Dans sa dépêche, Reuters citait pourtant «six sources proches des services de renseignement américains» qui avertissaient des objectifs territoriaux intacts du président russe en Ukraine et plus généralement en Europe, pour retrouver les frontières perdues de l’URSS. «Les conclusions américaines sont restées constantes depuis le lancement par Poutine de son invasion à grande échelle en 2022», soulignait l’agence. «Elles correspondent en grande partie aux points de vue des dirigeants européens et des agences d’espionnage selon lesquels il convoite toute l’Ukraine et les territoires des anciens États du bloc soviétique, y compris les membres de l’alliance de l’OTAN, selon les sources.»
Une présentation des faits en contradiction avec les déclarations de Donald Trump et de ses proches qui répètent à l’envi ces dernières semaines que Vladimir Poutine souhaite la fin du conflit. Le président américain se faisait par là presque plus poutinien que Poutine lui-même, puisque son homologue russe n’a cessé de souffler le chaud et le froid sur cette question lors de ses dernières déclarations.
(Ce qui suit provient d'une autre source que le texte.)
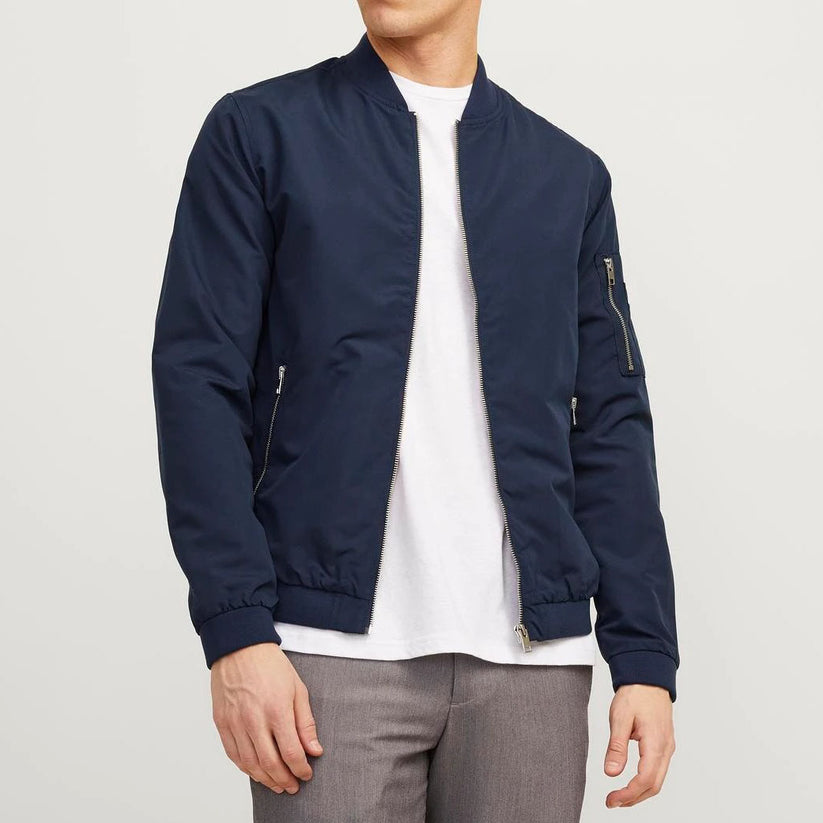 JACK & JONES BOMBER JOMER BLEU NUIT 1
Lors d’une récente conférence de presse, Vladimir Poutine affirmait qu’il n’y aurait pas d’autres opérations «si la Russie était traitée avec respect». Quelques jours plus tôt, il avait affirmé qu’il n’avait pas l’intention d’attaquer l’Europe et qualifié ces allégations de «ridicules». Mais début décembre, le maître du Kremlin affirmait aussi que la Russie était «prête» si l’Europe voulait la guerre.
La difficile question des concessions territoriales
Alors que Donald Trump a promis de mettre fin à la guerre, ses obligés politiques n’ont de cesse de mettre en avant la prétendue bonne volonté du Kremlin dans les négociations. À l’heure actuelle, la Russie contrôle la quasi-totalité de la région de Louhansk (plus de 99%) et une large majorité de celle de Donetsk (75%), cœur industriel du Donbass. Sans oublier celles de Zaporijjia (plus de 75%) et Kherson (plus de 70%), ainsi que l’entièreté de la très stratégique péninsule de Crimée. Au total, c’est environ 20% du territoire ukrainien qui est occupé par l’armée russe. Au cœur des négociations en cours entre Américains, Ukrainiens et Russes, la très délicate question d’éventuelles concessions territoriales ukrainiennes.
Les pourparlers se poursuivent en cette fin de semaine à Miami, en Floride, en présence de représentants européens. Le plan d’origine présenté il y a plus d’un mois par Donald Trump avait été perçu comme très favorable au Kremlin. Celui-ci a évolué au cours des négociations. Si les détails de la nouvelle mouture ne sont pas connus, Volodymyr Zelensky a affirmé qu’elle implique des concessions territoriales de la part de l’Ukraine en échange de garanties de sécurité occidentales.